BETWEEN STOREYS

Author: Bruce Jenkins  Date Posted:13 January 2023 

BETWEEN STOREYS

The dictionary defines the word mezzanine as 'a low storey between two others in a building, typically between the ground and first floors.' Massive Attack’s third album, Mezzanine, was released in April 1998 and captures some of the edgy uncertainty of being caught between epochs. Twentieth century ground lies somewhere below, shrouded in disappointment and photochemical smog. The new millennium beckons from above, but it’s dark there. Claustrophobic and threatening.

So it is with Mezzanine, an album with roots in the fag end of the 20th C and tugging at the guy ropes of the trip-hop movement Massive Attack themselves helped create. Underpinned by echoing dub textures and propelled by the skittering rhythms of the mid-to-late 90s club scene, this is a sullen, sometimes menacing album that still manages to be deeply (and darkly) seductive.

The sound stage is huge; a shadowy cinematic vastness that arrives as the curtain rises on the unsettling 'Angel'. Guitars slash across a stormy sky while guest vocalist Horace Andy’s voice floats on purple thunderclouds. It is an arresting beginning that continues to build the intensity throughout an extraordinary run of four tracks.

Alien seagulls usher in 'Risingson', almost an industrial/trip-hop hybrid; the spoken quote from a sixties folk song sounding ominous rather than uplifting. But there is lift, much of it coming from the guest vocals of ethereal singer Elizabeth Fraser (Cocteau Twins). Her appearance on 'Tear Drop' is sublime, inviting us to embrace this strange dystopian world rather than flee. The opening salvo finishes with 'Inertia Creeps', featuring the work of Massive Attack trio Andrew Vowles, Grant Marshall, and Robert Del Nanja. As songs about sex go, this is not one to inspire joyous coupling. Exploring how intimacy dies as a relationship fails, it is intense, sad, and more than a little depressing.

Those opening four tracks were all released as singles, with 'Tear Drop' performing the best in the charts. But there is much to enjoy in the rest of the album too. In fact, the very next track, 'Exchange', has some terrific analogue synth lines courtesy of electronic music pioneer Mort Garsen. Its languid pace and drugged-out electronica vibe provides some welcome breathing space.
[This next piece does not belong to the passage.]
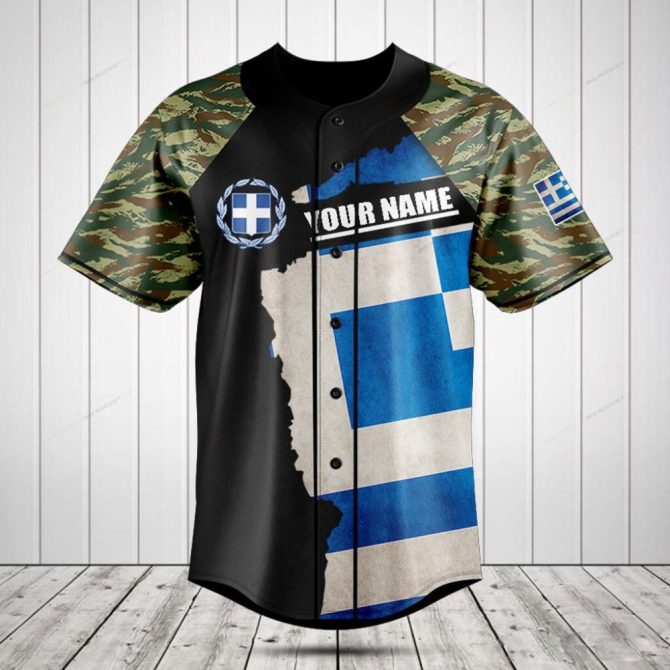 Custom Greek Flag Baseball Jersey – Personalized Name & Camo Sleeves – Unique Gift Idea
Other highlights are provided by the return of the guest vocalists; Horace Andy on 'Man Next Door' (also containing a sample of The Cure) and Elizabeth Fraser on 'Black Milk'. The former relates the experience of hearing domestic violence from a neighbour’s apartment and is a lament delivered delicately yet powerfully by Andy. 'Black Milk' has a mid-tempo groove and an abstract, disturbing Fraser lyric, but as with so much of her music, it is the soaring voice that holds our focus like a wavering yet beguiling beacon.

Mezzanine topped the album charts in Australia, the UK, and several other countries. Many consider it the pinnacle of Massive Attack’s creativity. This is a choice album to sample Bristol’s finest; the sound is exceptional and the intensity electric. The come-down feel will pull some into its dark web while the moments that soar seem to show how even in melancholy and despair, hope rises and light enters. We might not have elevated ourselves to the next level, but we’ve left the ground floor.